L’art. 90 del D.lgs. 36/2023 stabilisce, al comma 1 che: “Nel rispetto delle modalità previste dal codice, le stazioni appaltanti comunicano entro cinque giorni dall'adozione:
a) la motivata decisione di non aggiudicare un appalto ovvero di non concludere un accordo quadro, o di riavviare la procedura o di non attuare un sistema dinamico di acquisizione, corredata di relativi motivi, a tutti i candidati o offerenti;
b) l'aggiudicazione all'aggiudicatario;
c) l'aggiudicazione e il nome dell'offerente cui è stato aggiudicato l'appalto o parti dell'accordo quadro a tutti i candidati e concorrenti che hanno presentato un'offerta ammessa in gara, a coloro la cui candidatura o offerta non siano state definitivamente escluse, nonché a coloro che hanno impugnato il bando o la lettera di invito, se tali impugnazioni non siano state già respinte con pronuncia giurisdizionale definitiva;
d) l'esclusione ai candidati e agli offerenti esclusi, ivi compresi i motivi di esclusione o della decisione di non equivalenza o conformità dell'offerta;
e) la data di avvenuta stipulazione del contratto con l'aggiudicatario ai soggetti di cui alla lettera c)”
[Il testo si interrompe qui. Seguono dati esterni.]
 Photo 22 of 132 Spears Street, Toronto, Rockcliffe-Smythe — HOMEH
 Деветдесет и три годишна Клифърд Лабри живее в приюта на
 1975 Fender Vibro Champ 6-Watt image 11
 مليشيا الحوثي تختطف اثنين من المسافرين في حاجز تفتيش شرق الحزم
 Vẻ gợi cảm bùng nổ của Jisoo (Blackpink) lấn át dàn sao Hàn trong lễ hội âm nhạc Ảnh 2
Mentre il citato art. 36 del medesimo D.lgs., nei primi due commi, prevede, a sua volta, che “L'offerta dell'operatore economico risultato aggiudicatario, i verbali di gara e gli atti, i dati e le informazioni presupposti all'aggiudicazione sono resi disponibili, attraverso la piattaforma di approvvigionamento digitale di cui all'articolo 25 utilizzata dalla stazione appaltante o dall'ente concedente, a tutti i candidati e offerenti non definitivamente esclusi contestualmente alla comunicazione digitale dell'aggiudicazione ai sensi dell'articolo 90” e che “Agli operatori economici collocatisi nei primi cinque posti in graduatoria sono resi reciprocamente disponibili, attraverso la stessa piattaforma, gli atti di cui al comma 1, nonché le offerte dagli stessi presentate”.
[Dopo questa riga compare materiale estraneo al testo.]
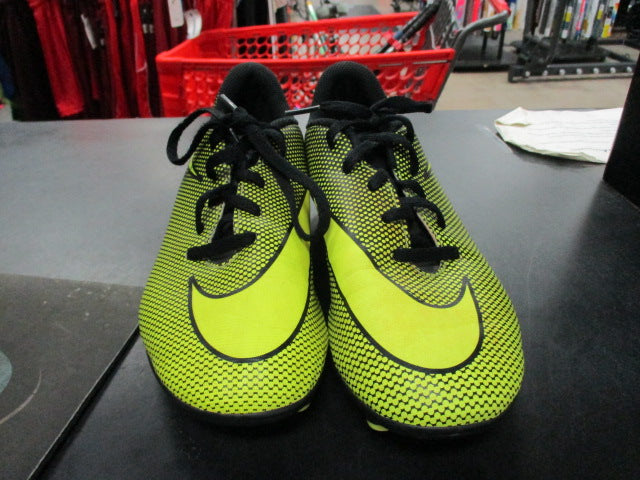 Load image into Gallery viewer, Used Nike Bravata II Size Youth 6 Soccer Cleats
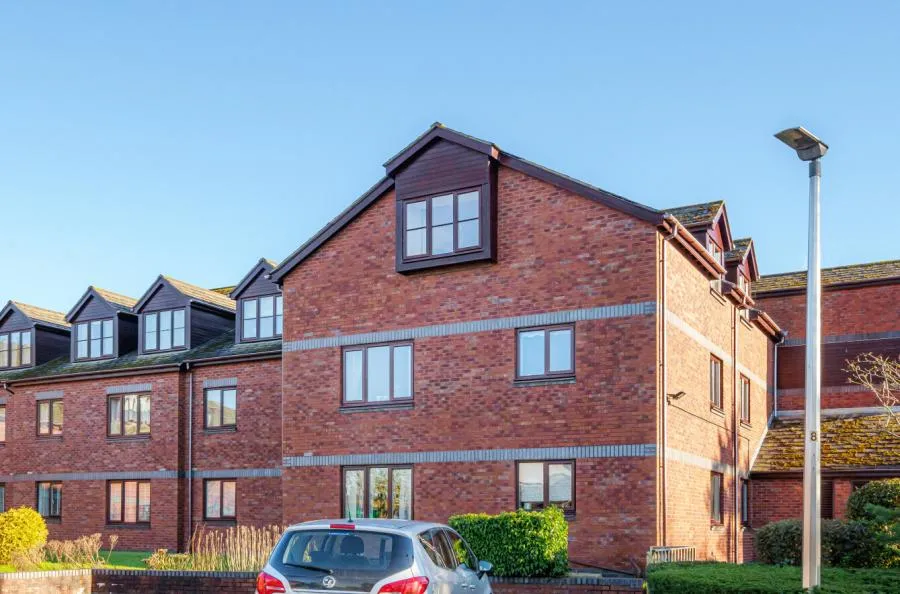 Round Hill Meadow, Great Boughton, CH3, photo 21
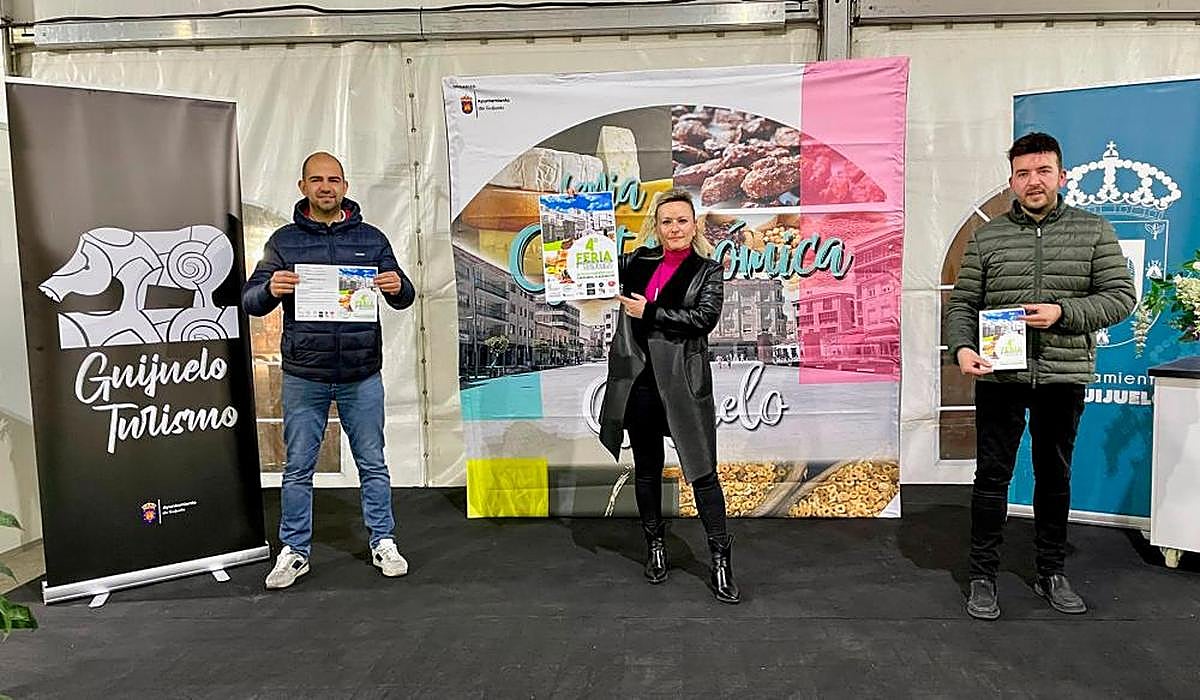 Carlos Arasa, Sandra Méndez y Roberto H. Garabaya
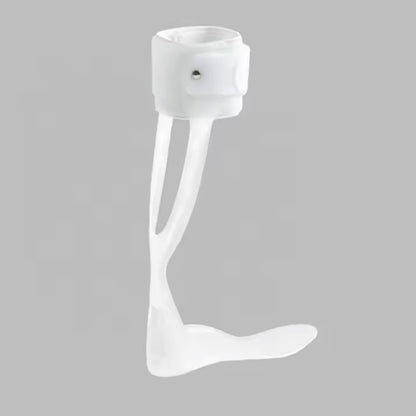 Klapvoet brace (EVO) zonder schoen, enkel-voet-orthese op witte achtergrond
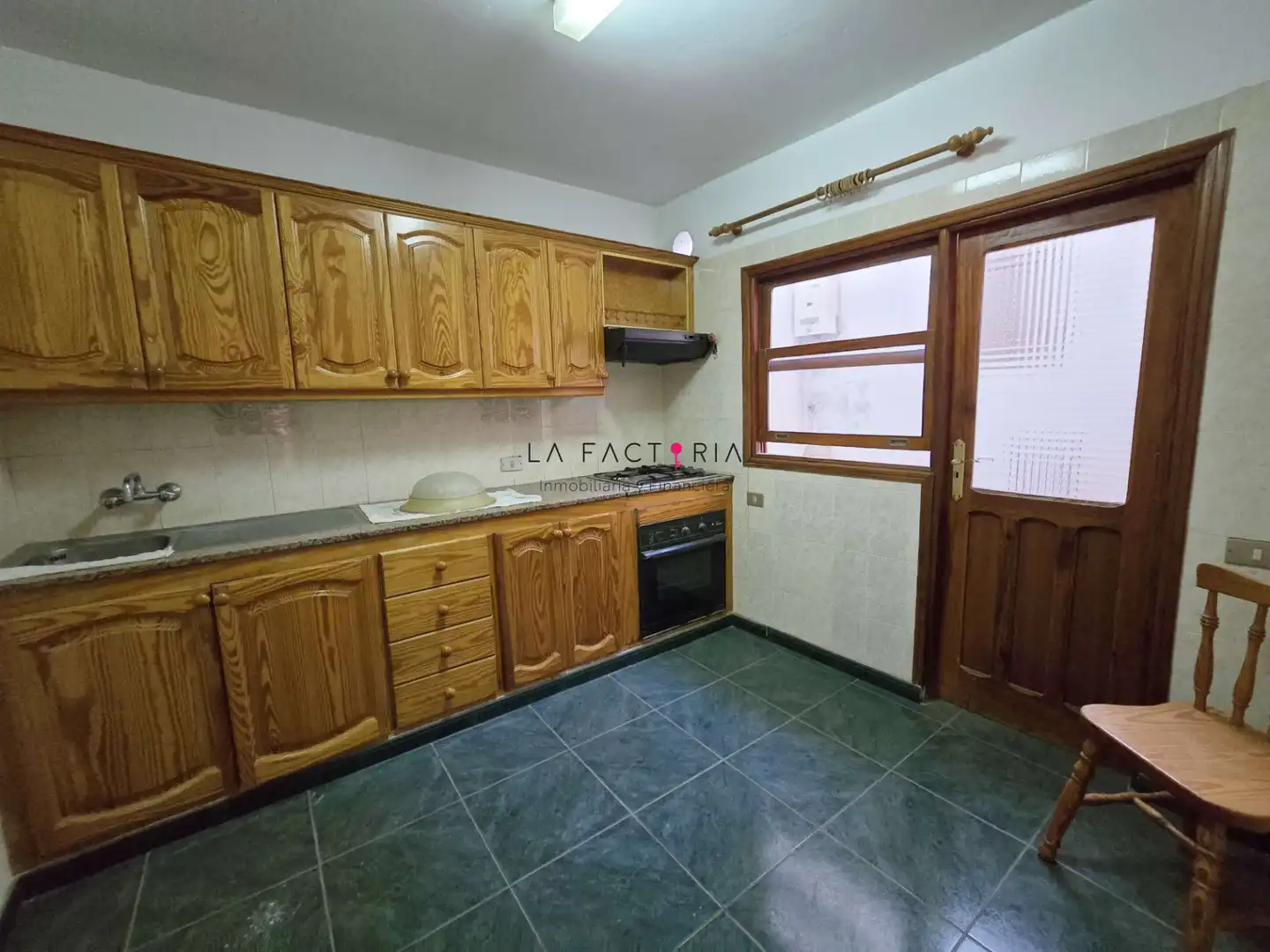 Kitchen of Buildings for sale in Granadilla de Abona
Dall’analisi dalla trascritta disciplina processuale il Consiglio, con la sentenza in esame, ha concluso che “il dies a quo del termine decadenziale stabilito per l’impugnazione degli atti di gara, coincide, dunque, con quello in cui l’interessato acquisisce, o è messo in grado di acquisire, piena conoscenza degli atti che lo ledono” la normativa, infatti, normativa, persegue l’obiettivo di evitare i c.d. ricorsi “al buio” e si pone in linea con l’orientamento espresso dalla giurisprudenza europea.